When I think of the word “passion”, I think of someone experiencing something, of drinking it in. We concentrate on the senses, on the here and now, not on what we “should” be doing. To me, passion is the opposite of control. With passion we’re not thinking as much as we’re allowing ourselves to just live in the moment.

How often do you do that with your husband? How often do you just drink in his love, or his touch, or his kiss? How often do you just forget about all the “shoulds” and just play with your husband, like having a wrestling contest? How often do you allow yourselves to truly pray, to allow yourselves to be completely vulnerable together before God, without wondering if you’re doing it right?

Passion in marriage means savouring the little things. Yet we women have a hard time feeling out of control. We like to be in control of all situations. But I think when we try so hard to be in control, we often miss the beauty of the moment. And we miss the opportunity to live big.

Passion is scary, because it means being vulnerable. It means showing someone how you honestly feel. It means living large.

Certainly we need passion in the bedroom, as I’ve written about numerous times. (I am the Christian sex lady, after all!).
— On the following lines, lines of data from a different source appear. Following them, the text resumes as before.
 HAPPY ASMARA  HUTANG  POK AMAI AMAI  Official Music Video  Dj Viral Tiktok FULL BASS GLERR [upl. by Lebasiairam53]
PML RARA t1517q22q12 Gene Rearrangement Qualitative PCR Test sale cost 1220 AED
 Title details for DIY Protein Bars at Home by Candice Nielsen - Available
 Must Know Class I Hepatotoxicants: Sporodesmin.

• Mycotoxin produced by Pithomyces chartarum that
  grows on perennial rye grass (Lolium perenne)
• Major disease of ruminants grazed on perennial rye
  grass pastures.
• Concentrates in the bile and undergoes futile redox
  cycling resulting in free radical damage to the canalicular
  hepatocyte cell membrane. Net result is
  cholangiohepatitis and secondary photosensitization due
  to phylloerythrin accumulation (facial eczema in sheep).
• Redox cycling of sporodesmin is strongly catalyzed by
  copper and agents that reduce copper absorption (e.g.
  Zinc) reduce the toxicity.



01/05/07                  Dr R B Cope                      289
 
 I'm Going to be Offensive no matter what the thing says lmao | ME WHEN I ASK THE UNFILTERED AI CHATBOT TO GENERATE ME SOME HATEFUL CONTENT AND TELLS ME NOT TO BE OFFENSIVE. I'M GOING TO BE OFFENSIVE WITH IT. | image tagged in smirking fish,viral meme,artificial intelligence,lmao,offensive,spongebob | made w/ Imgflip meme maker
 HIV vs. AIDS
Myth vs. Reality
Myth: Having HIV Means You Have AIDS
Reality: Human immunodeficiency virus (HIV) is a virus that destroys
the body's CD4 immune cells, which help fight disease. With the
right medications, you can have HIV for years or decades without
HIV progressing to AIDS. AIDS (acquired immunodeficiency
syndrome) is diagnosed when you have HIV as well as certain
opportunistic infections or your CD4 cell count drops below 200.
And I think one reason we often have a hard time in the bedroom is because we’re scared of giving up control, and you can’t have a great sex life and also be a control freak. They don’t work together.

But passion in marriage is not only about the bedroom. It’s about how we live life in general. And if you’re trying too hard to control everything; if you’re trying too hard to live your life by lists and by shoulds; you may miss those moments where you’re just carried away by beauty and by feelings and by love. And we all need those moments, especially in marriage.
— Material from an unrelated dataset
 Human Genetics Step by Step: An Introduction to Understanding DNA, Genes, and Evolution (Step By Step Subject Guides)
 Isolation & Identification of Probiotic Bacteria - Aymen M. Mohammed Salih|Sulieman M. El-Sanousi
So how do you boost passion with your husband?

1. Carve out some time during the day when you don’t have to do anything, and just enjoy being with him. Hold his hand and concentrate on how it feels. Kiss him and concentrate on everything about that kiss–don’t overanalyze it, just experience it.

2. Breathe deeply. Smile more. Laugh more.

3. Give yourself some grace.

4. Learn how to open up and reveal a little bit more of yourself to him–and listen to a little bit more of his heart.

What so many men want is a woman who is truly present with him–not someone who is thinking about the laundry or the kids or what she should be doing. They want a woman who, in bed, is enjoying herself, not analyzing or worrying. They want a woman who can look into his eyes and just drink it in, not someone who is always criticizing or asking him to do something else on a to do list. They want a woman who wants to just BE–not someone who is always DOING.

It’s just little things, but you will never regret being more passionate, and more present, with your husband.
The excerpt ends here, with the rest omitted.